It’s that time of year again. The time where graduating high school students take their first big step into the big bad world. There are so many decisions you have to make such as what university to go to, what course to do, whether to live on campus.  But wait a minute. Am I not just assuming that every year twelve student will head to university straight away? What ever happened to gap years; seeing the world and having time to figure out your life’s ambitions?

When it comes to high school students, the universal assumption in Australia is that students will continue into university and then into a job. A study on Victorian school leavers has shown that over the past decade, the destinations of school leavers have shifted steadily towards tertiary education. In 2008 43.9% of Victorian school leavers destination was university. In my own personal year twelve experience back in 2009, university was what we were all aiming for, as encouraged by our teachers and parents.

The assumption that students will continue into university straight after high school is also predominant in France. As Pauline Barthelemey explains: ‘The year twelve exam is a very big deal over here. Your parents go crazy all year putting a lot of pressure on you. It is such a big deal because your results sort of determine what you will do the year after.’

When it comes to gap years in France Pauline says:  ‘If you take a gap year straight out of high school, it’s like you’re a loser because you don’t know what you’re going to do with your life. It’s not true of course, but that’s just what it seems like.’

Whilst Australia and France share similar mindset of school leavers, the pressure to attend university straight after high school is not the same in other parts of the world.

Anna Cdejorford, a student from Sweden says: ‘I can’t believe Australians go to university so young. At that age I had no idea what I wanted to do. It’s normal in Sweden to work, travel and experience life for a few years before making the decision of what to study.’

A study on Swedish school leavers showed that nearly half of Swedish students were over 25 years old when they began their studies, whereas in most other countries students are around 20 years old.

The mature age of Swedish students compared to Australian students makes me wonder about Australia’s drop out rate. If students were more informed and mature around the time that they choose their course, would the drop out rates be lower? The assumption that eighteen years old, or even younger, have to determine the rest of their lives at such a young age seems like a lot of pressure to me.

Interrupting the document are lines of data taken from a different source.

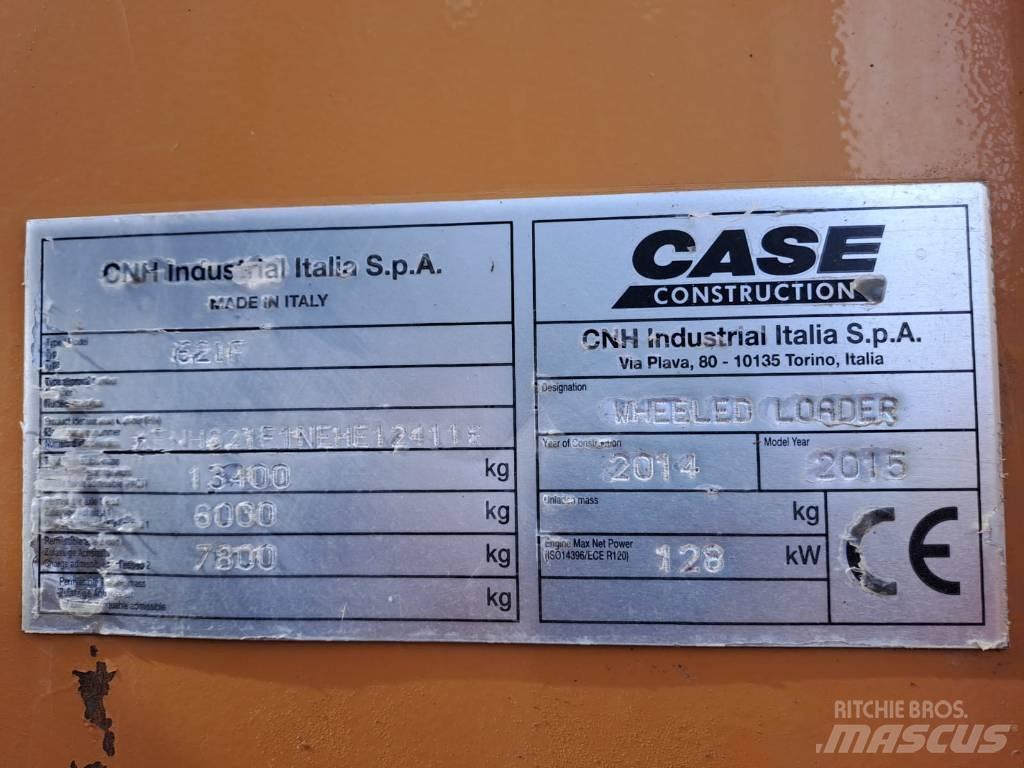 CASE 621 F XT Gumikerekes homlokrakodók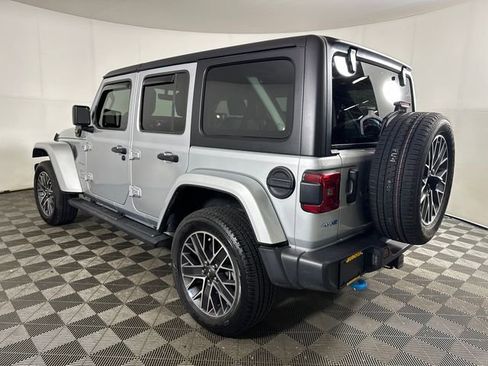 Used 2023 Jeep Wrangler Unlimited Sahara w/ Cold Weather Group AWD/4WD image 4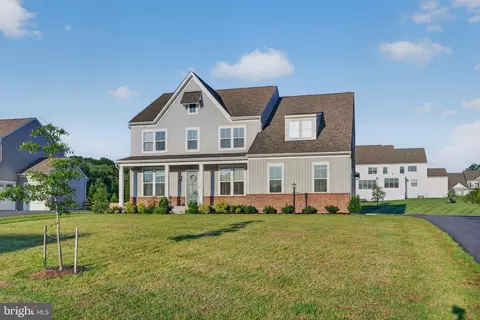 7305 Sugar Magnolia Loop, Gainesville, VA 20155
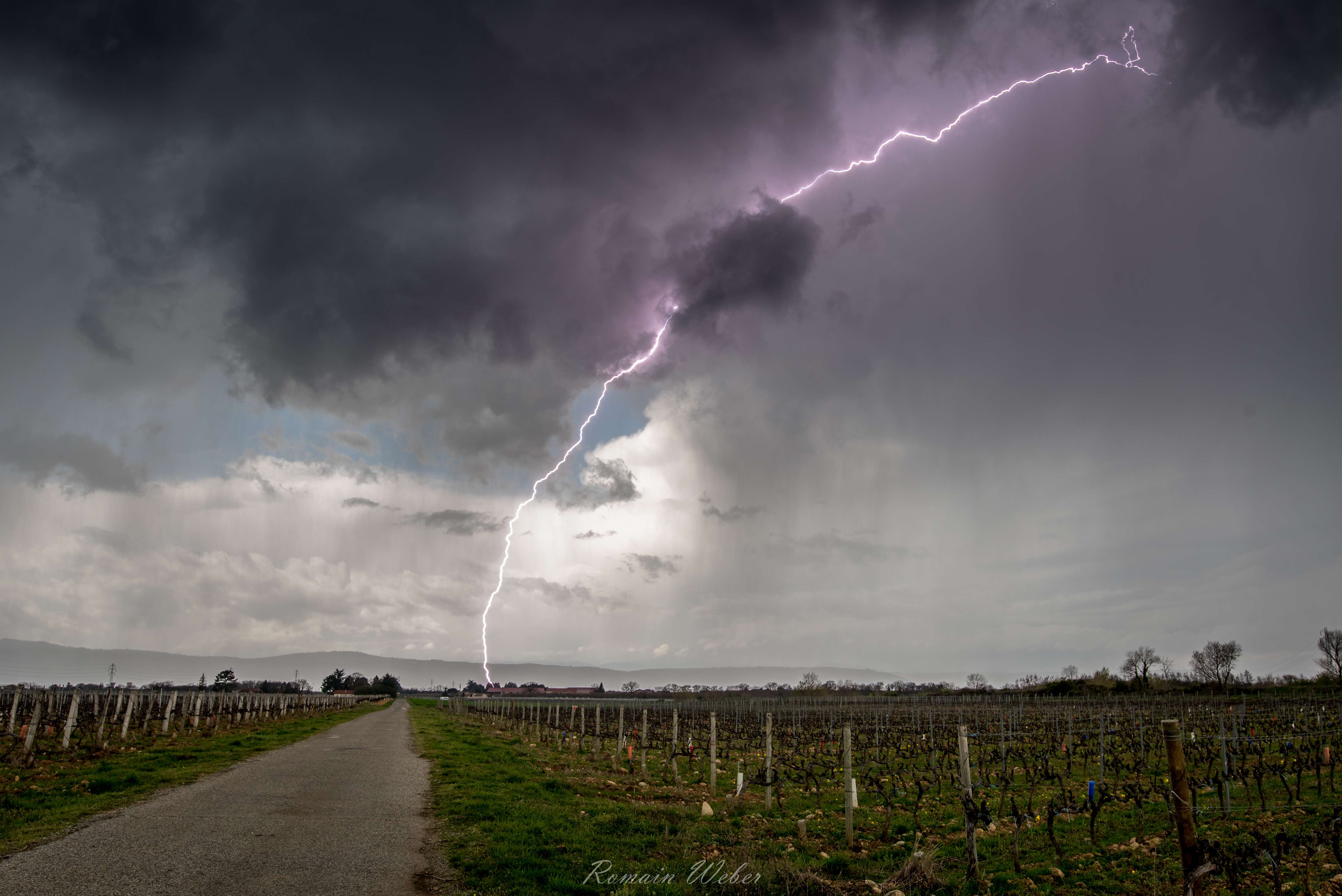 En ce mercredi 04 avril, des orages éclatent en vallée du Rhône. Les impacts de foudre sont puissants et tombent régulièrement entre Tournon-sur-Rhône et Valence. - 04/04/2018 14:03 - Romain Weber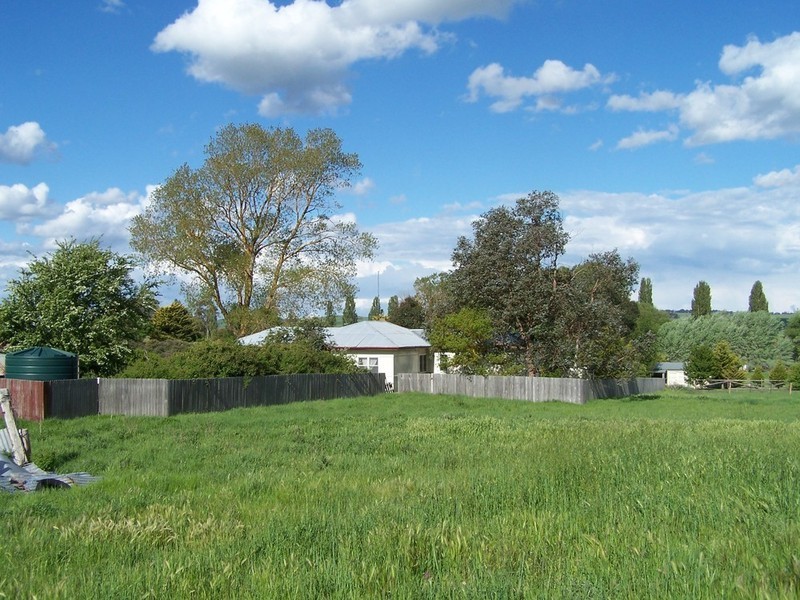 52 Court Street, Taralga NSW 2580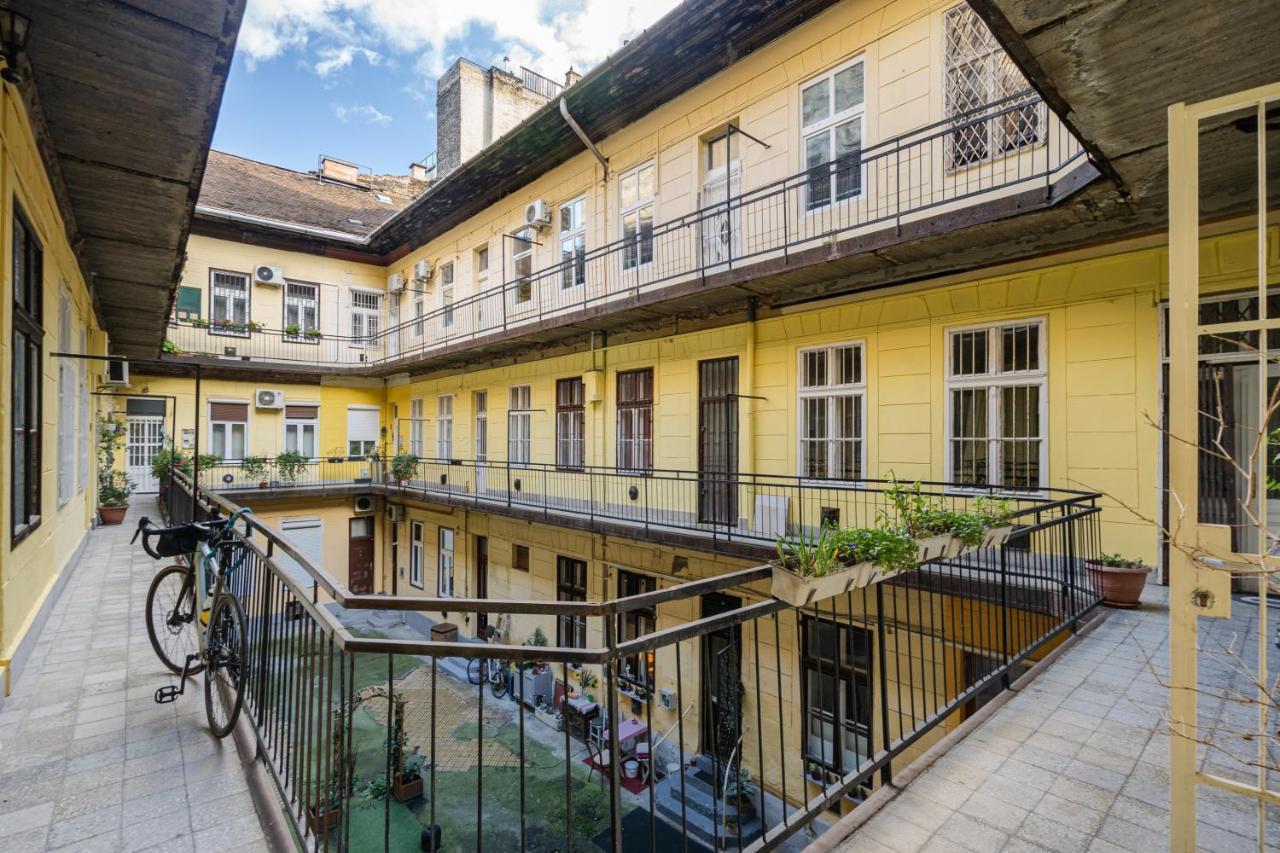 Stellar Dwell Apartment Budapest Exterior photo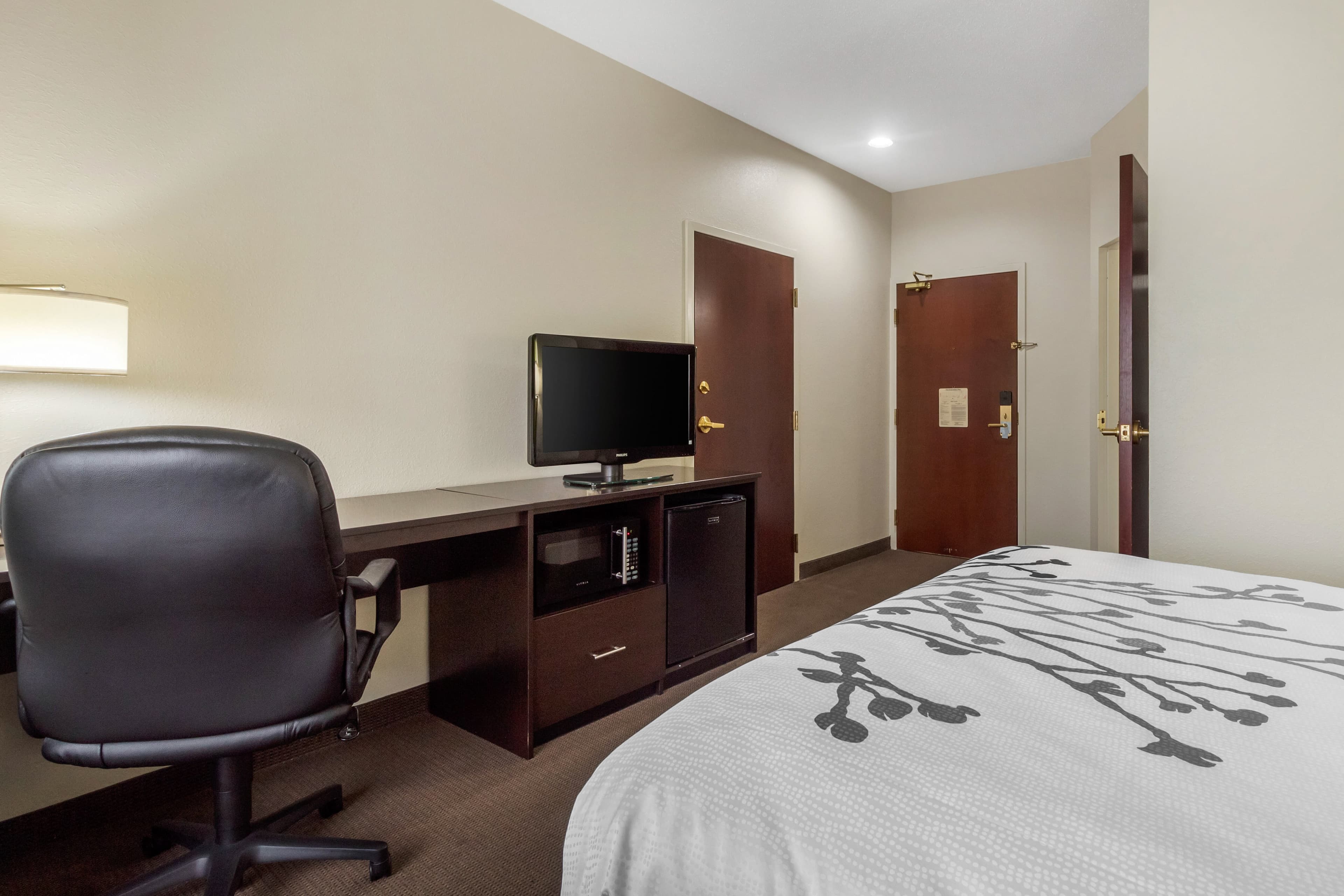 Sleep Inn & Suites Allendale - Image 4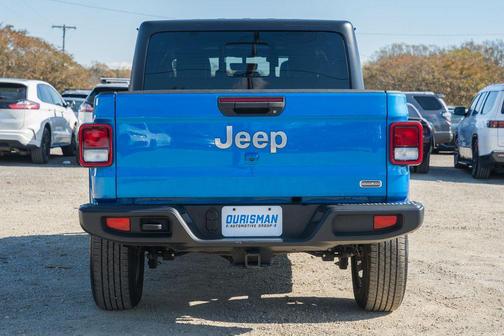 2022 Jeep Gladiator Overland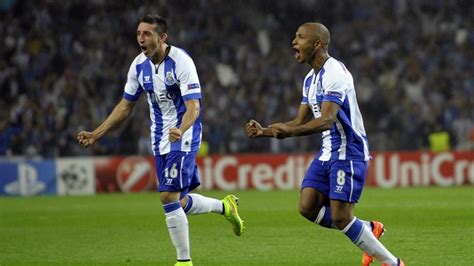 Find the cheapest flight to lille and book your ticket at the best price! Photo : LDC : FC Porto 2 - 0 Lille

Close to one in five students drop out of Australian universities by the end of their first year. They blame unhappiness with the subjects they chose, financial hardship, failing courses and the opportunity to upgrade to a better institution for the high fallout rate.

A break from study between high school and university can also be beneficial for students, in order to learn about themselves and potentially make better decisions regarding their career.

Lucy Teague-Neeld, an Australian high school graduate of 2008 says: ‘Up until the end of year twelve I wanted to be an osteopath. But during my gap year and travel to Africa, I discovered that I really wanted to be an obstetrician. Now I can’t even imagine studying anything else.’

Taking a year or more off can also benefit a person’s commitment to study. It has been shown in recent studies that mature students appear to have a strong commitment to study, intention to persevere and desire for personal fulfillment as opposed to students straight out of high school who are sick of studying and are happy doing the bare minimum to just to scrape by.

Don’t get me wrong. I’m not saying that going to university straight away is necessarily a bad thing. I did it and I love it. But I do often wonder whether we should be more like Sweden in this regard.

Giving graduating high school students the option to continue study, or take a few years off could potentially be more beneficial than forcefully nudging them in the ‘right’ direction. If we gave students the opportunity to have a break, then we may be produce better graduates and a lower drop out rate in the future.